Abrams ran for governor of Georgia in 2018.[31] In the Democratic primary she ran against Stacey Evans, another member of the Georgia House of Representatives,[31] in what some called "the battle of the Staceys". Abrams was endorsed by Bernie Sanders and Our Revolution.[32][33] On May 22, she won the Democratic nomination, making her the first black woman in the U.S. to be a major party's nominee for governor.[34]

After winning the primary, Abrams secured a number of high-profile endorsements, including one from former President Barack Obama.[35][36]

Almost a week before election day, the Republican nominee, Georgia Secretary of State Brian Kemp, canceled a debate scheduled seven weeks earlier to attend a Trump rally.

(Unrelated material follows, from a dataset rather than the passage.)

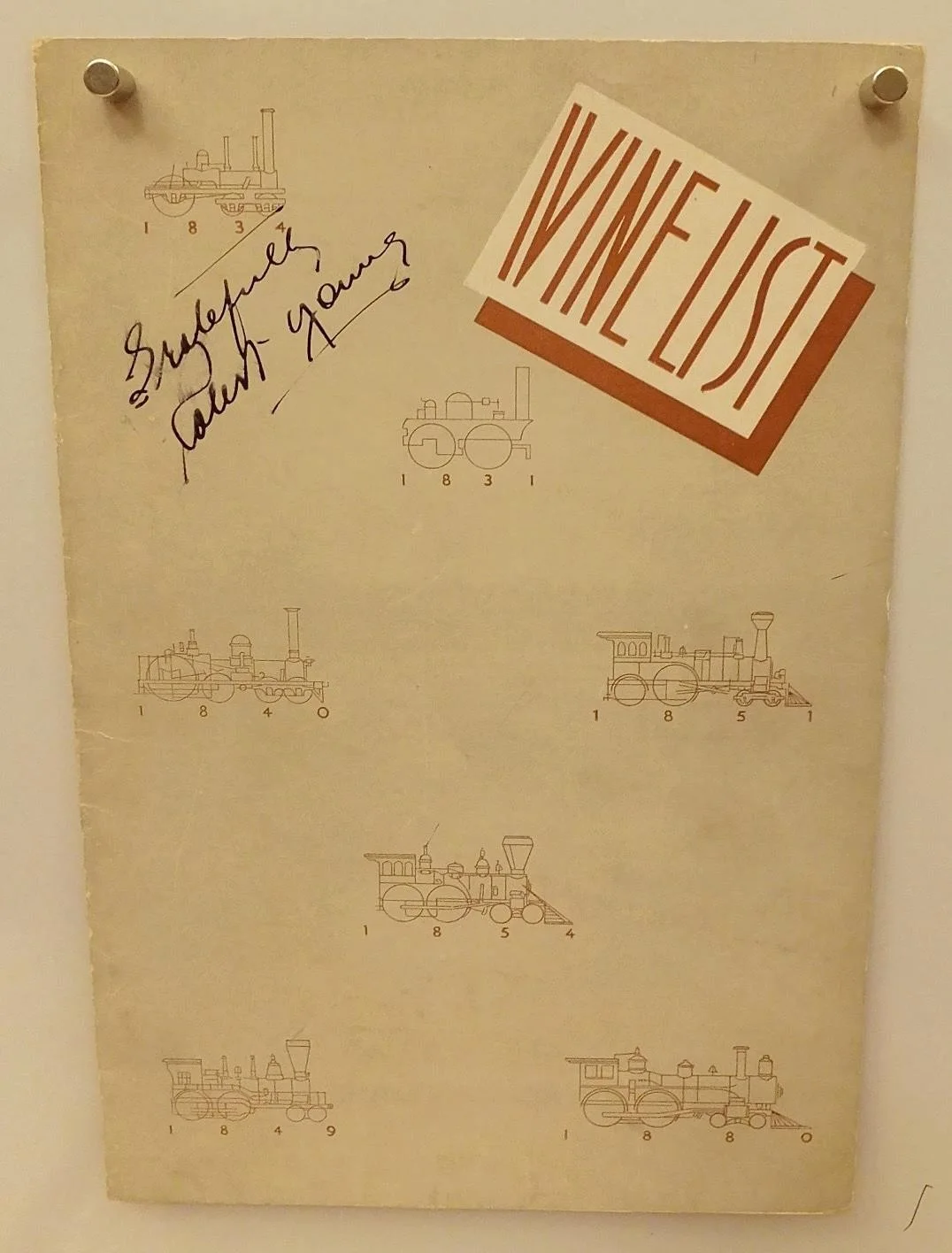 Robert Young — ROBERT YOUNG SIGNED MENU 1939, 20th Century Ltd TRAIN Wine Beverage RR,NY MAISIE, image 2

Kemp blamed Abrams for the cancellation, saying she was unwilling to reschedule it. Abrams responded, “We refuse to callously take Georgians for granted and cancel on them. Just because Brian Kemp breaks his promises doesn’t mean anyone else should.”[37]

Two days before the election, Kemp's office announced that it was investigating the Georgia Democratic Party for unspecified "possible cybercrimes"; the Georgia Democratic Party stated that "Kemp's scurrilous claims are 100 percent false" and described them as a "political stunt."[38] A 2020 investigation by the Georgia Attorney General's office concluded that there was no evidence of computer crimes.[39] Later that year, it was revealed that the alleged cybercrime against Kemp's office was in fact a planned security test that one of Kemp's staff members had signed off on three months prior.[40]

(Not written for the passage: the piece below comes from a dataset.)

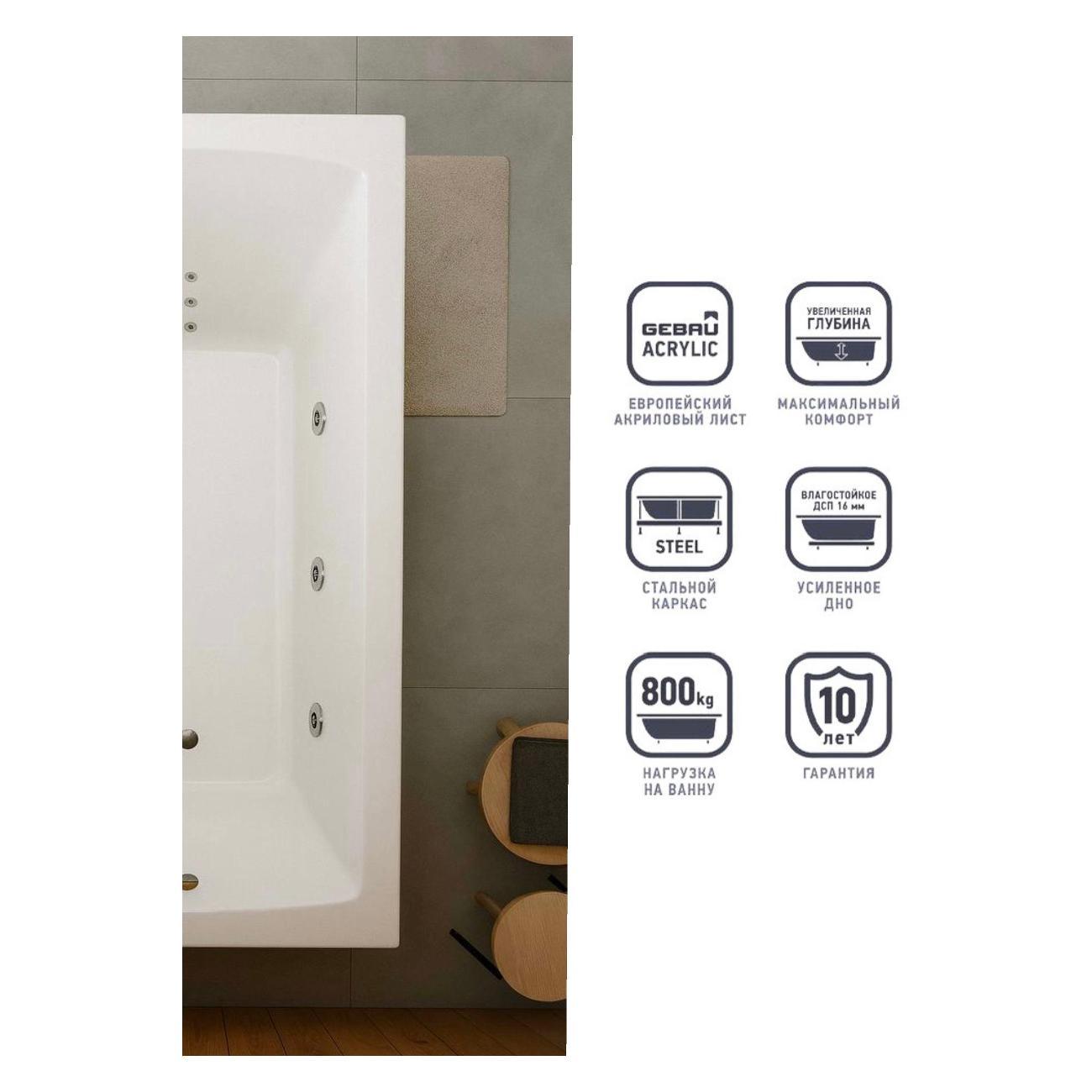 Ванна Timo Гидромассажная 6 и 3 джет акриловая IVA1595R 150*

As Georgia's secretary of state, Kemp was in charge of elections and voter registration during the election. Between 2012 and 2018, Kemp's office cancelled over 1.4 million voter registrations, with nearly 700,000 cancellations in 2017 alone.[41] On a single night in July 2017, half a million voters had their registrations cancelled. According to The Atlanta Journal-Constitution, election-law experts said that this "may represent the largest mass disenfranchisement in US history."[6] Kemp oversaw the removals as Secretary of State, and did so eight months after he declared that he was going to run for governor.[42] An investigative journalism group run by Greg Palast found that of the approximately 534,000 Georgians whose voter registrations were purged between 2016 and 2017 more than 334,000 still lived where they were registered.[43] The voters were given no notice that they had been purged.[44] Palast ultimately sued Kemp, claiming over 300,000 voters were purged illegally.[7] Kemp's office denied any wrongdoing, saying that by "regularly updating our rolls, we prevent fraud and ensure that all votes are cast by eligible Georgia voters."[45]

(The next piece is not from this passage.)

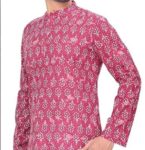 Studio Shringaar Men’s Cotton Relaxed Fit Block Printed Knee Length Regular Kurta (M121)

By early October 2018, more than 53,000 voter registration applications had been put on hold by Kemp's office, with more than 75% belonging to minorities.[46][41] The voters were eligible to re-register if they still lived in Georgia.[47][41][42][43]

Kemp's office was found to have violated the law before and immediately after the 2018 midterm elections.[48] In a ruling against Kemp, District Judge Amy Totenberg found that Kemp's office had violated the Help America Vote Act and said an attempt by Kemp's office to expedite the certification of results "appears to suggest the Secretary’s foregoing of its responsibility to confirm the accuracy of the results prior to final certification, including the assessment of whether serious provisional balloting count issues have been consistently and properly handled."[49][50]

Abrams lost the election by 50,000 votes. Abrams considered but ultimately did not mount a legal challenge to the election results.[51] In her speech ending her campaign,[52] she announced the creation of Fair Fight Action, a voting rights nonprofit organization that sued the Secretary of State and state election board in federal court for voter suppression.[53] As of March 2020, the lawsuit was still ongoing.[54]

Since losing the election, Abrams has repeatedly claimed that the election was not fairly conducted[55] and has declined to call Kemp the legitimate governor of Georgia.[56] Her position is that Kemp, who oversaw the election in his role as Secretary of State, had a conflict of interest and suppressed turnout by purging nearly 670,000 voter registrations in 2017, and that about 53,000 voter registrations were pending a month before the election.[55][57] She has said, "I have no empirical evidence that I would have achieved a higher number of votes. However, I have sufficient and I think legally sufficient doubt about the process to say that it was not a fair election."[55]